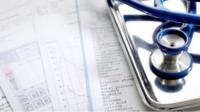 Stethoscope and paperwork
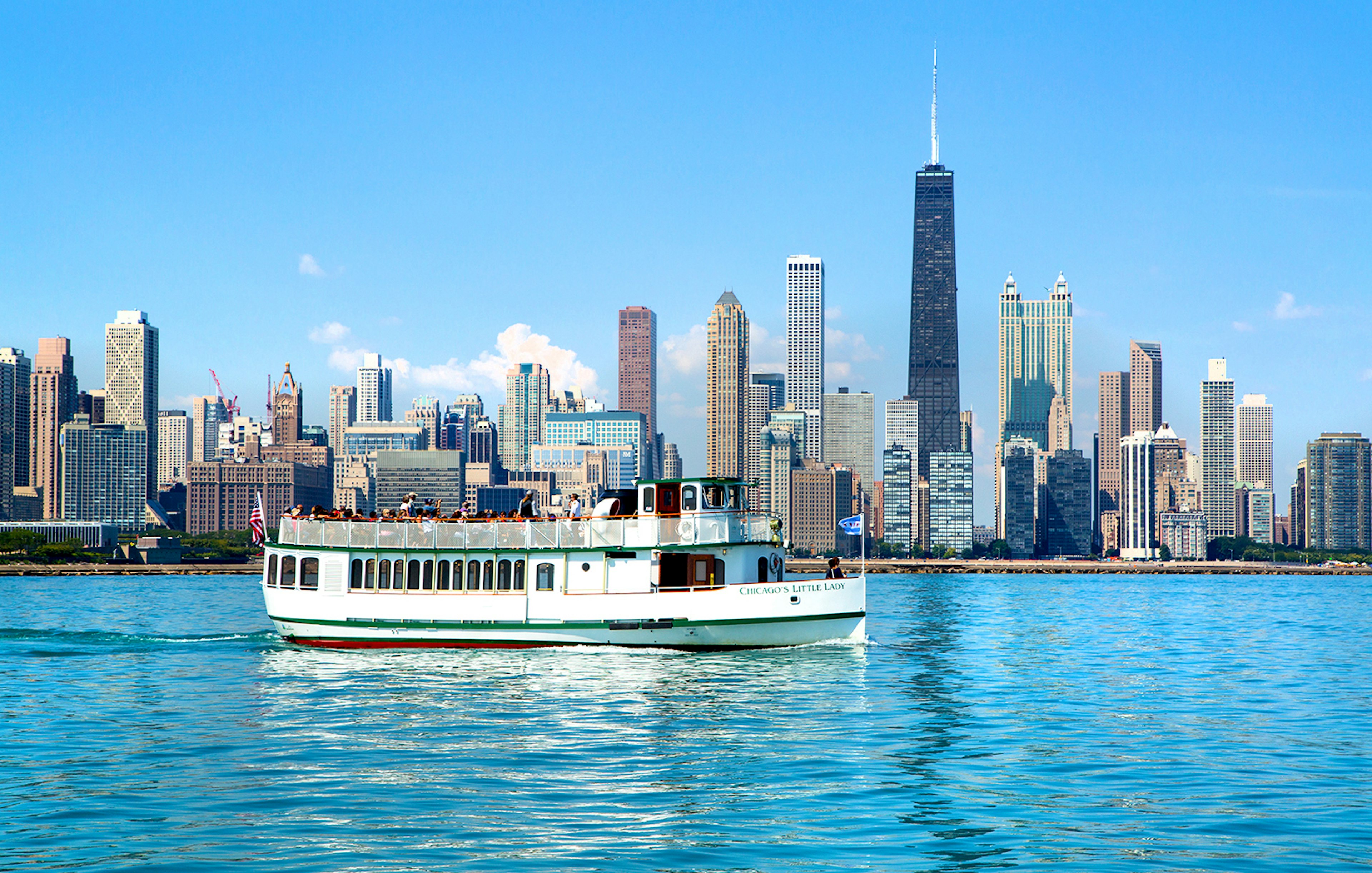 Chicago River cruise boat with city skyline in the background.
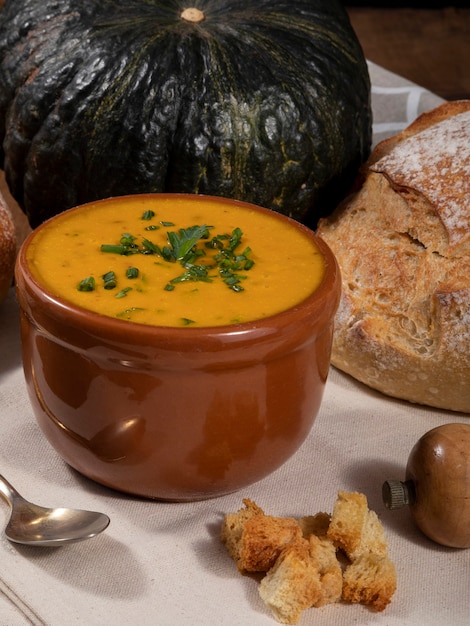 Pumpkin broth on wooden background.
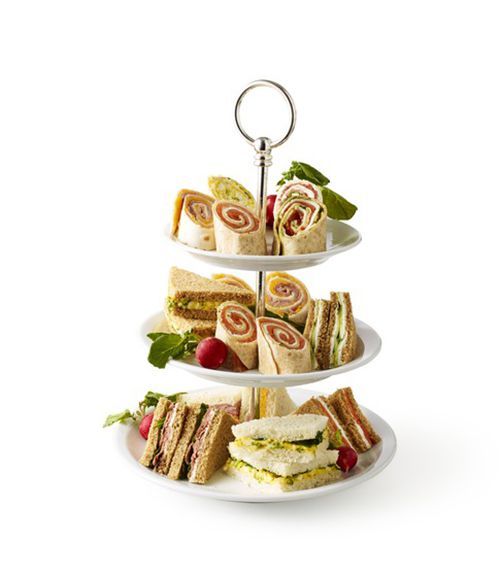 three tiered trays with sandwiches on them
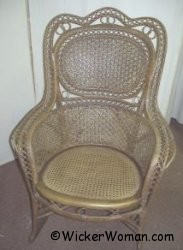 1880s Victorian Wicker Rocker with Spiderweb cane back and cane seat.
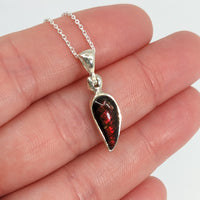 Thumbnail for Ammolite 18’ sterling silver pendant #SK8914 held with a red garnet necklace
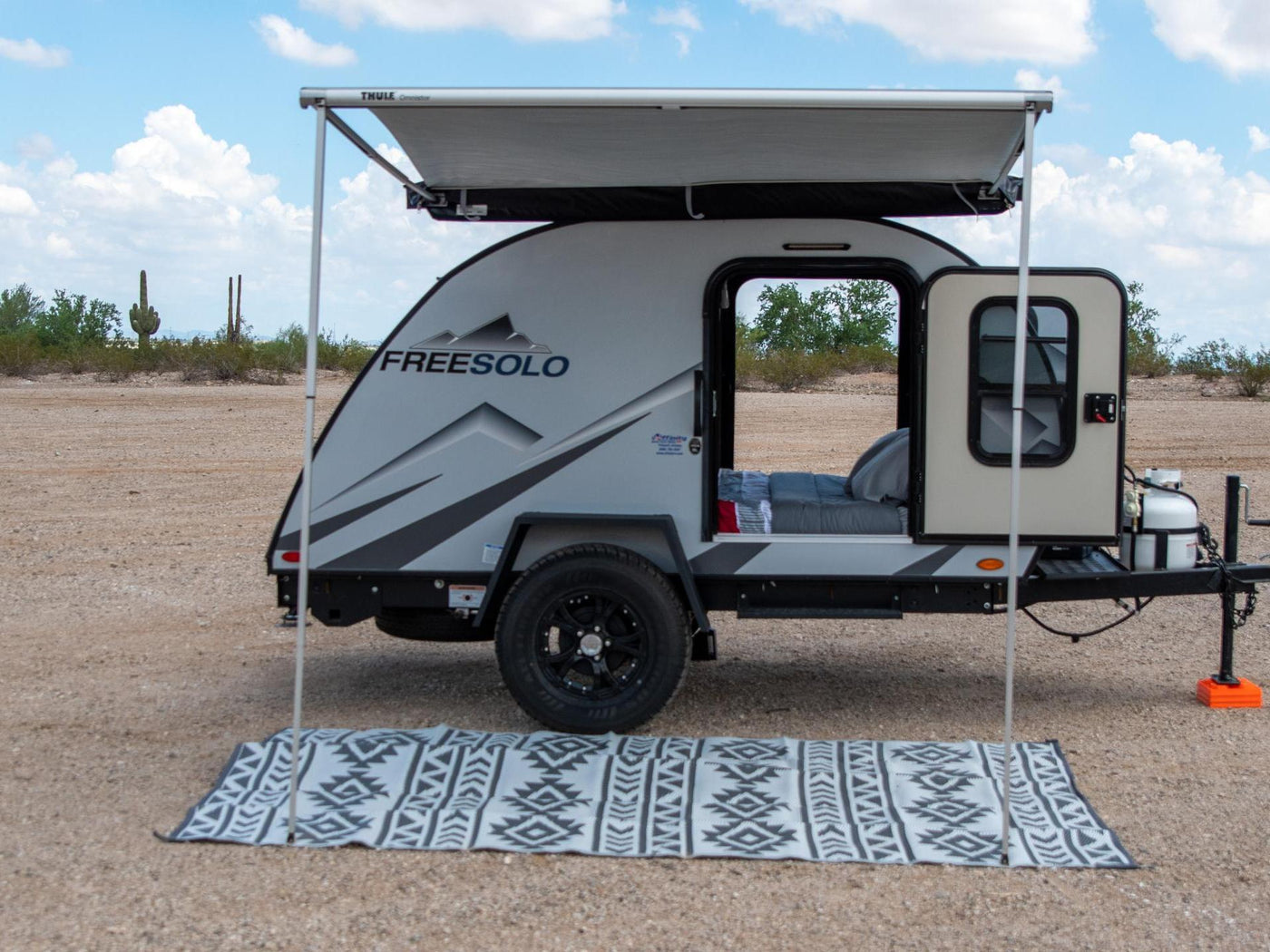  and a fire extinguisher.|Rent this FreeSolo teardrop RV rental for desert trips! Compact camper with extended awning — photo 3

——

**WORK ITEM**
Print all the records again exactly; do not include any picture.

**TASK RESULT**
 Stethoscope and paperwork
 Chicago River cruise boat with city skyline in the background.
 Pumpkin broth on wooden background.
 three tiered trays with sandwiches on them
 1880s Victorian Wicker Rocker with Spiderweb cane back and cane seat.
 Thumbnail for Ammolite 18’ sterling silver pendant #SK8914 held with a red garnet necklace
  and a fire extinguisher.|Rent this FreeSolo teardrop RV rental for desert trips! Compact camper with extended awning — photo 3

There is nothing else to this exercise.